# Reinforcement Learning
#### An Overview
Prepared by Ted Ecclestone
October 9, 2019

### What is reinforcement learning? [1]

Reinforcement learning is a type of machine learning in which an agent is taught to behave in a particular environment. The agent learns by performing actions and assessing the results of these actions. The main idea behind reinforcement learning is that the agent will be rewarded if it performs actions which lead to a desired result, and that the agent will be gain a negative reward if it performs an action that leads to an undesired result. 

As I outline reinforcement learning in more detail, I will use as an example an agent being taught to play Super Mario Bros. The reinforcement learning process can be modelled as a loop. Each iteration within the loop contains the following steps:
1. Agent receives state S0 from the environment (in this case, the state S0 is the first frame of Super Mario Bros, which is the environment).
2. Based on this state, the agent will perform action A0 (for example, the agent may move to the right).
3. The environment then transitions to a new state, S1 (the next frame of the game).
4. A reward is given depending on the action. In this case, since Mario did not die, a positive reward of +1 is provided.

The end goal of the agent is to perform a sequence of actions that will maximize the total award obtained.

### Rewards [1]

As stated above, the goal of the agent is to maximize the total (cumulative) reward. The cumulative reward at each time step $ t $ can be written as:

$$ G_{t} = R_{t+1} + R_{t+2} + ... = \sum_{k=0}^{\infty} R_{t+k+1} $$

However, this is not the optimal method to evaluate the rewards earned by the agent. This is because rewards which come sooner (closer to the beginning of the game in the Super Mario Bros example) are more likely to occur than later rewards. Thus, short-term rewards are more predictable than long term rewards, and therefore are of higher importance. 

To account for this, we will add a discount to the rewards.

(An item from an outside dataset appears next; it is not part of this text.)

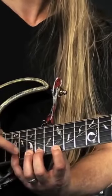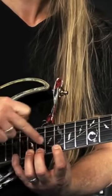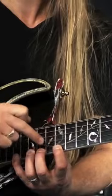Now each one of these is going to do a pull-off back to the twelfth fret, so I'm going to go: seventeen, twelve, fifteen, twelve, fourteen, twelve.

The discount will be defined as $ \gamma $, and will range between 0 and 1. The larger the gamma, the smaller the discount. Larger values of gamma will lead to larger long term rewards, i.e. the agent will care more about the long term rewards. Including the discount, the cumulative reward is defined as:

$$ G_t = \sum_{k=0}^{\infty} \gamma^k R_{t+k+1} $$

To summarize, as the time step continues to increase, the rewards will be continually discounted at an increasing rate, which will increase the predominance of earlier rewards.

### Types of tasks [1]

A task is an instance of a reinforcement learning problem. There are two types of tasks: __episodic__ and __continuous__. 

An __episode__ is a list of states, actions, rewards, and new states. It has a starting point and an ending point (a terminal state). For example, in Super Mario Bros, an episode may be defined between the beginning of a new life or level to player death or level completion. 

A __continuous__ task is one with no terminal state, i.e. a task which will continue forever. In this case, the agent must learn how to choose the best actions while simultaniously interacting with the environment. For example, if an agent is being trained to trade stocks, there is no defined end point. The agent will only cease action when the user stops it. 

### Learning methods [1]

There are two common methods through which an agent learns. With the __Monte Carlo Approach__, rewards are collected and maximum future rewards are calculated at the end of each episode. With __Temporal Difference Learning__, rewards are estimated with each step. 

__Monte Carlo:__

Cumulative rewards are computed at the end of each episode (the terminal state) to check the performance of the agent. Using Super Mario Bros as an example, with this approach the rewards would only be calculated when the dies or completes a level (i.e., at the end of the game). When the game restarts, the new information obtained by the agent will allow it to improve its decision making capabilities. The below equation can be used to estimate the maximum expected future reward starting at the new state:

$$ V_{new}(s_t) = V_{old}(S_t) + \alpha [G_t - V_{old}(S_t)] $$

Where $ V_{new}(S_t) $ is the maximum expected reward in the new state, $ V_{old}(S_t) $ is the maximum expected reward in the previous state, $ \alpha $ is the learning rate, and $ G_t $ is the discounted cumulative reward. 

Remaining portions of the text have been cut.